Al supermercato

Serie: Cronache di quarantena

“Domani sarà il grande giorno” mi dico, mentre sono le due e ancora non riesco a prendere sonno, cerco di fare un pò di yoga, mi ascolto la lezione giornaliera di meditazione, nella speranza che la voce calma dall’accento allegramente latino, mi aiuti a calmare cotanta aspettativa, e parecchia ansia.

La mattina successiva, un salutino al sole per scaldare i muscoli, preparo un’abbondante colazione perchè avrò bisogno di energie, indosso gli indumenti più comodi e desiderosi di essere giá in lavatrice, mi copro parte del volto con un foulard regalatomi da un’amica, guanti, tutto il necessario per la riuscita dell’impresa, e finalmente sono pronta.

Via. Operazione supermercato ha inizio.

Dentro casa in questo mese ci siamo già inventati di tutto, ognuno a suo modo, ma quando mettiamo piede fuori dalla nostra dolce prigione, ormai chiunque si incroci per strada ha gli stessi monotoni traguardi da raggiungere: supermercato o farmacia.

Finora avevo scelto i piccoli negozi, un pó cari ma relativamente vicini e non troppo frequentati, ma oggi voglio superarmi e decido di andare nel Mercadona vicino al fiume, è una lunga passeggiata, mi permetterà di muovermi e prendere un poco di bramato sole.

Nonostante tutto lo yoga che stia facendo ossessivamente in casa, mi bruciano i muscoli, caz. formicolano le gambe e mi toglierei i vestiti, ma le mie mani sono intrappolate dentro del lattice.

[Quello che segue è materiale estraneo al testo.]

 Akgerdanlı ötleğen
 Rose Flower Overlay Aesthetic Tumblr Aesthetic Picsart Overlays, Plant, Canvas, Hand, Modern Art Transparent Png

Arrivo all’entrata, sembra ci sia qualcuno che aspetti, d’altronde sono pur sempre le 11.30 del sabato di Pasqua, prevedibile, così vado a prendere posizione per attendere il mio turno.

Svolto l’angolo e la fila è immensa, costeggio l’intero ponte, lo attraverso, cammino una mezz’ora, giá ho il fiatone, ma sento il privilegio di poter essere per una volta parte anch’io della tanto famosa “fila del supermercato”.

Prendo posizione. Mi hanno assegnato il numero 96, ho contato tutti i miei colleghi passandO.

Sono tra un signore davanti a me, e una signora dietro, entrambi senza mascherina, con i guanti alle mani con i quali non smettono di toccare di tutto, per poi avvicinarli al viso parlando interminabilmente al telefono, e, proprio a me che mi son passata un mese chiusa in casa toccavano questi propagatori di virus!

Una donna poco più avanti usa il carrello come boa e si fa corte vasche avanti indietro, denoto una certa ansia in lei, è imbacuccata nonostante la giornata calda.

Il signore a volte si accende una sigaretta, sempre con il suo guantino viola fashion, spero possa incendiarsi la mano; continua la telefonata più profonda e urgente della sua vita e finalmente quando manca poco all’arrivo, estrae dalla tasca del giaccone la sua bella sudicia mascherina, che accarezza, modella sul viso, la sposta con mania perfezionista; immortala la sua opera d’arte scattandosi un selfie e penso che non abbia mai letto istruzioni e consigli su come proteggersi dai germi in questo periodo.

La donna non si ferma mai, adesso approfitta di essere prossima al semaforo per attraversarlo compulsivamente.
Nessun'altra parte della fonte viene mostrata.